Institute of Health Sciences, University of Rzeszow, 35-959 Rzeszów, Poland.
Int J Environ Res Public Health. 2022 May 7;19(9):5712. doi: 10.3390/ijerph19095712.
Background: This study was conducted to evaluate the co-occurrence of hydrocephalus treated/untreated surgically and congenital nervous system disorders or neurological syndromes with symptoms visible since childhood, and with somatic development disorders, based on significant data obtained during admission to a neurological rehabilitation unit for children and adolescents. Methods: The study applied a retrospective analysis of data collected during hospitalization of 327 children and adolescents, aged 4−18 years, all presenting congenital disorders of the nervous system and/or neurological syndromes associated with at least one neurodysfunction that existed from early childhood. To allow the identification of individuals with somatic development disorders in the group of children and adolescents with hydrocephalus treated/untreated surgically, the adopted criteria considered the z-score values for body height, body weight, head circumference, body mass index, and head circumference index. Results: Treated/untreated hydrocephalus was observed in the study group at the rates of 8% and 0.9%, respectively. Among 239 patients with cerebral palsy, 9 (3.8%) had surgically treated hydrocephalus, 17 (70.8%) of 24 patients with neural tube defects also had hydrocephalus treated with surgery, and 3 (12.5%) of 24 patients with neural tube defects had untreated hydrocephalus. This medical condition was a more frequent comorbidity in subjects with neural tube defects compared with those with cerebral palsy (p < 0.001). Subjects with untreated hydrocephalus most frequently presented macrocephaly (p < 0.001), including absolute macrocephaly (p = 0.001), and with tall stature (p = 0.007). Excessive body mass co-occurred more frequently with surgically untreated hydrocephalus, but the relationship was not statistically significant (p = 0.098).
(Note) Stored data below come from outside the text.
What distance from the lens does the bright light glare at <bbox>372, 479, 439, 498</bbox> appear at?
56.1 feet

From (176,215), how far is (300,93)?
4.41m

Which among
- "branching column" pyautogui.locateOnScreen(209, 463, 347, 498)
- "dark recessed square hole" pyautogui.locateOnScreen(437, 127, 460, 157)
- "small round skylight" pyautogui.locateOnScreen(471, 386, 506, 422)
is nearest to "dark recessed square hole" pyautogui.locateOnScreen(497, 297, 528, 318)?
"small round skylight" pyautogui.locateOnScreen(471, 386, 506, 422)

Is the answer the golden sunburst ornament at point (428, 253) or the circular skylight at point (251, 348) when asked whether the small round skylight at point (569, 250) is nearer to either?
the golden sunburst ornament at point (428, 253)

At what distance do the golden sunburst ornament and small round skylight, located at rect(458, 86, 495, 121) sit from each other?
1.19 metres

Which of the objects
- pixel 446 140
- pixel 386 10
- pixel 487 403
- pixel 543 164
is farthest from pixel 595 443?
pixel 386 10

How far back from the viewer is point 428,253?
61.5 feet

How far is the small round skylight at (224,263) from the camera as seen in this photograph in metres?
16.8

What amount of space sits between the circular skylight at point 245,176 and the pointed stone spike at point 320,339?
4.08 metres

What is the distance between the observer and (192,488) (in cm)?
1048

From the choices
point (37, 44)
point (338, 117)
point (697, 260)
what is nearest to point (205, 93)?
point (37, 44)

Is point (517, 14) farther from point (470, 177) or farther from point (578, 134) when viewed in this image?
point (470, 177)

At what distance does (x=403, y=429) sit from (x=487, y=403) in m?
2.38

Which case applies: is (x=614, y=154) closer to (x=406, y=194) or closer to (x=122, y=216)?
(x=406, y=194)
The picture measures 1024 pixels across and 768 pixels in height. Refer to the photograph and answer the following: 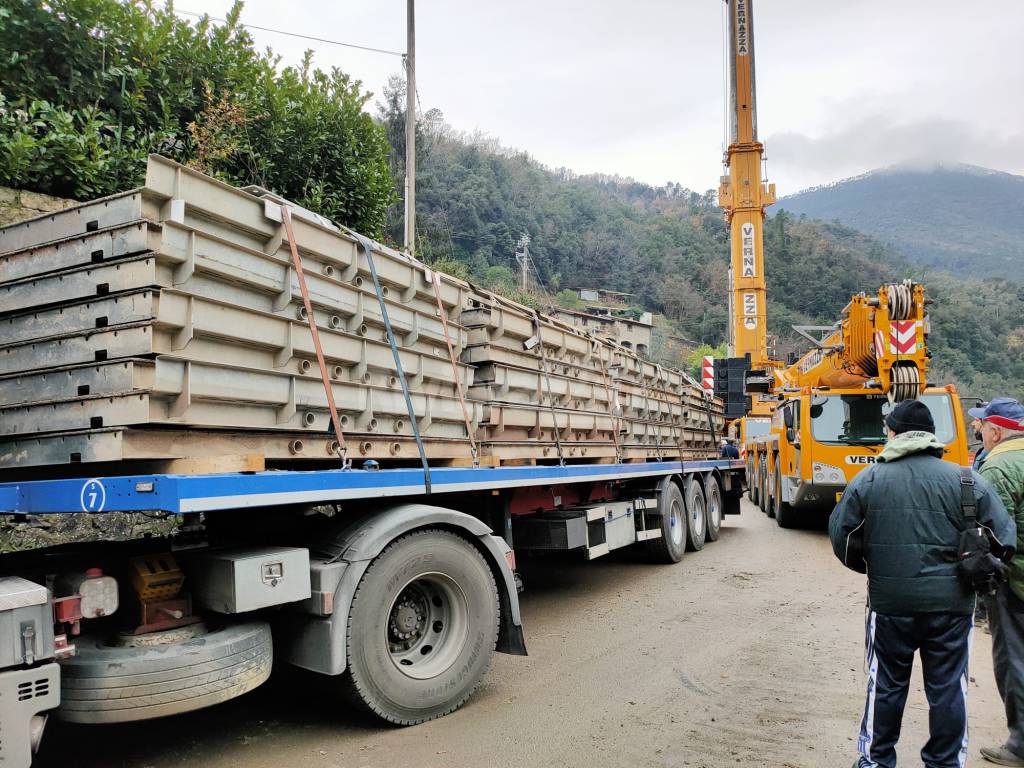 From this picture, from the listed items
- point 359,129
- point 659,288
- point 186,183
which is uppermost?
point 659,288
Conclusions: Surgically treated hydrocephalus occurred in patients with cerebral palsy and neural tube defects, and untreated hydrocephalus was present only in patients with neural tube defects. Untreated hydrocephalus negatively changed the course of individual development in the studied group of children, in contrast to surgically treated hydrocephalus.
本研究旨在评估在神经康复病房住院的 327 名 4-18 岁儿童和青少年中,患有脑积水(经手术治疗/未治疗)与先天性神经系统疾病或自幼儿期起即存在的神经发育障碍相关的神经综合征并存的情况,并基于获得的重要数据进行分析。方法:本研究采用回顾性数据分析方法,对所有患有先天性神经系统疾病和/或神经综合征并伴有至少一种自幼儿期即存在的神经功能障碍的患者进行了住院治疗。为了在接受手术治疗/未治疗的脑积水患儿和青少年组中识别出存在躯体发育障碍的个体,采用了身高、体重、头围、体重指数和头围指数的 z 分数值作为纳入标准。结果:研究组中经手术治疗/未治疗的脑积水的发生率分别为 8%和 0.9%。在 239 例脑瘫患者中,有 9 例(3.8%)患有经手术治疗的脑积水,24 例神经管缺陷患者中有 17 例(70.8%)也患有经手术治疗的脑积水,24 例神经管缺陷患者中有 3 例(12.5%)患有未经治疗的脑积水。与脑瘫患者相比,神经管缺陷患者的脑积水更易并发(p<0.001)。未经治疗的脑积水患者最常表现为大头畸形(p<0.001),包括绝对大头畸形(p=0.001)和身材高大(p=0.007)。与未经治疗的脑积水相关的超重更常见,但无统计学意义(p=0.098)。结论:在脑瘫和神经管缺陷患者中发现了经手术治疗的脑积水,而未经治疗的脑积水仅存在于神经管缺陷患者中。与经手术治疗的脑积水不同,未经治疗的脑积水对研究组患儿的个体发育过程产生了负面影响。